Review: An Earthquake Is a Shaking of the Surface of the Earth

Poet, novelist, and translator Anna Moschovakis unsettles readers of An Earthquake Is a Shaking of the Surface of the Earth, a narrative meditation on the obsessions one clings to in the face of chaos. In an uncanny near future, a seismic event has disrupted Earth's crust, leaving everyone to live through continuous earthquakes. While not all of them are large, they are nearly constant.

This catastrophic event is not the first thing to upend the novel's first-person narrator, however. Her lackluster career as an actress seems to have finally petered out. Facing the chasm of unfilled days on shaking ground, she develops an obsessive focus on her young, attractive housemate, Tala, which quickly sharpens into a desire to kill her. When Tala inexplicably disappears, the narrator spirals through her own existential dread, reliving memories of what it means to be a woman in a world that's always watching.
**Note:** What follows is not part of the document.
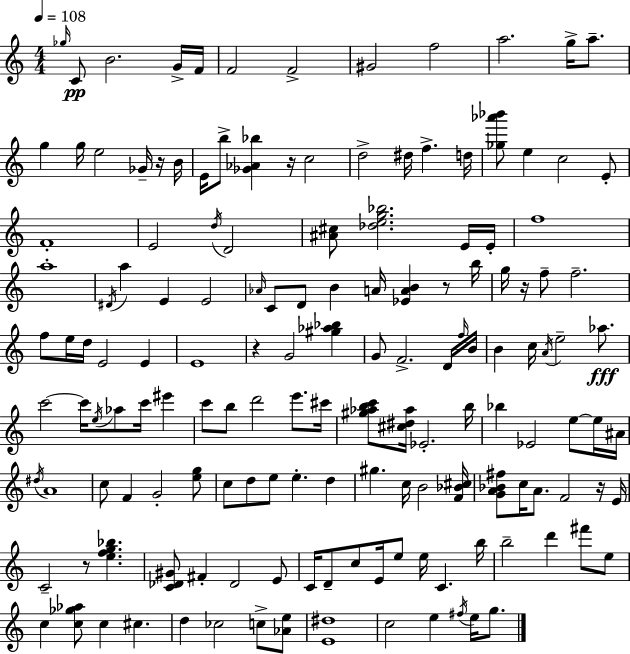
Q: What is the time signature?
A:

Her hunt for Tala soon dissolves into a more hallucinatory hunt for stability in an increasingly unstable environment.

Reading Moschovakis's prose is a singular experience, not least of all because of its inherently poetic sensibility. Her lyrical turns of phrase, unexpected juxtapositions, and associative iterations are perfect for An Earthquake's narrator as she slips into the book's long, existential stare. Sometimes, that stare is a literal one. The narrator stares at a brochure, at the "dark shapes on its bright surfaces," and then out a window: "a small hole, the size of a lime, in the middle of the lower pane.... I leaned over and brought my eye to the hole. A rabbit rustled in the strip of dirt by the chain-link fence. A rabbit? I blinked. A squirrel. A ragged brown squirrel, looking down, doing something with its hands." Even that which one sees with her own eyes can shapeshift unexpectedly into something mundane yet disturbing.

In this world of constant movement, there is one thing that ultimately catches the eye and keeps it. As she explains, "When Tala arrived, from nowhere, nothing looked the same. The possible had bled through its container, like the skyscrapers through their frame. Tala became the missing piece, the perspectival shift." The narrator's fixation on Tala appears disturbing at first and yet increasingly understandable. Shifts, of course, are not easy to live with. But they are, Moschovakis ultimately suggests, the only state of being one can depend on. --Alice Martin, freelance writer and editor

Shelf Talker: Anna Moschovakis's An Earthquake Is a Shaking of the Surface of the Earth is a poetic, thought-provoking novel that embraces the mind's recursive attempts to make order of chaos.